Did you know that unrelated third parties (like a landlord and a tenant) should not be named a “co-insured” or even a “named insured” on another party’s insurance policy? In fact, the coverage provided to an unrelated third party in such cases could be denied by the insurance company based upon the insured’s actions.

Instead, the unrelated third party should be added as an “additional insured” and possibly the “loss payee,” if appropriate under the circumstances. Note that a contractual indemnity provision is required to support the unrelated third party’s coverage as an “additional insured.”

It is extremely important that the indemnity language in your lease be considered together with your insurance language. For example, if your indemnity language does not include attorneys’ fees and costs, the insurance coverage provided to the “additional insured” may not include attorneys’ fees and costs.

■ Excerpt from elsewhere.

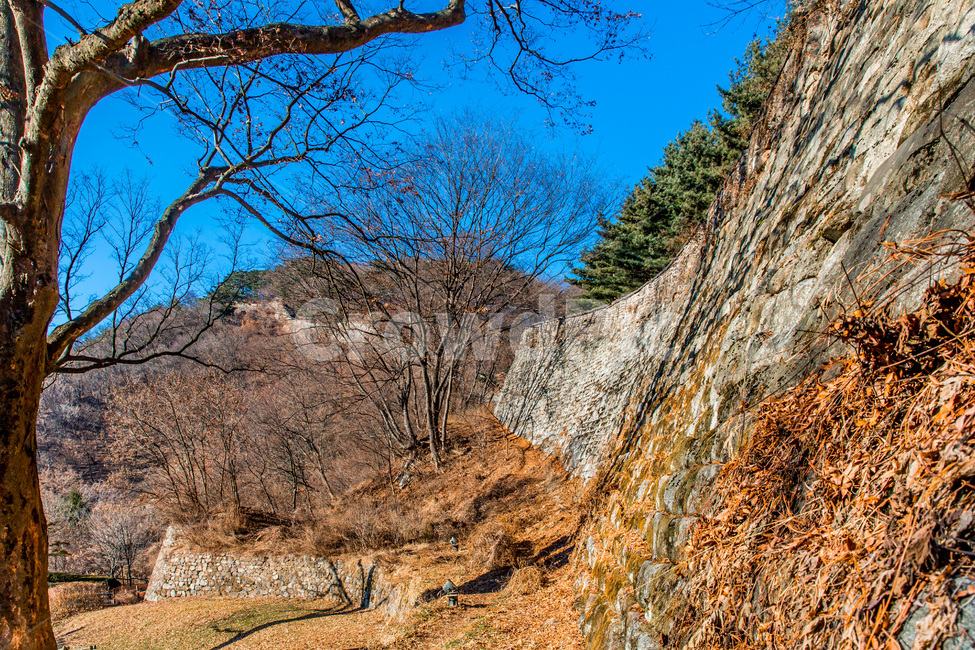 산성,성곽,선,문화유산,한국의미,한국전통,한국문화,korean traditional,korean culture,건축물,건물외관,exterior,building,structure,architecture,construction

Additionally, coverage to an “additional insured” will not be broader than what is required in your lease, regardless of the amount of insurance carried by the insured. For example, your lease may require the tenant to carry one million dollars of commercial general liability insurance naming the landlord as an “additional insured.” If the tenant’s policy actually has limits of two million dollars, the landlord’s coverage could be limited to just one million dollars.

However, your attorney can employ some smart drafting techniques to ensure that the “additional insured” can take advantage of the full amount of coverage purchased by the insured, even if the lease calls for a lesser amount.

We recommend having your insurance language reviewed by your attorney together with your insurance provider on a regular basis.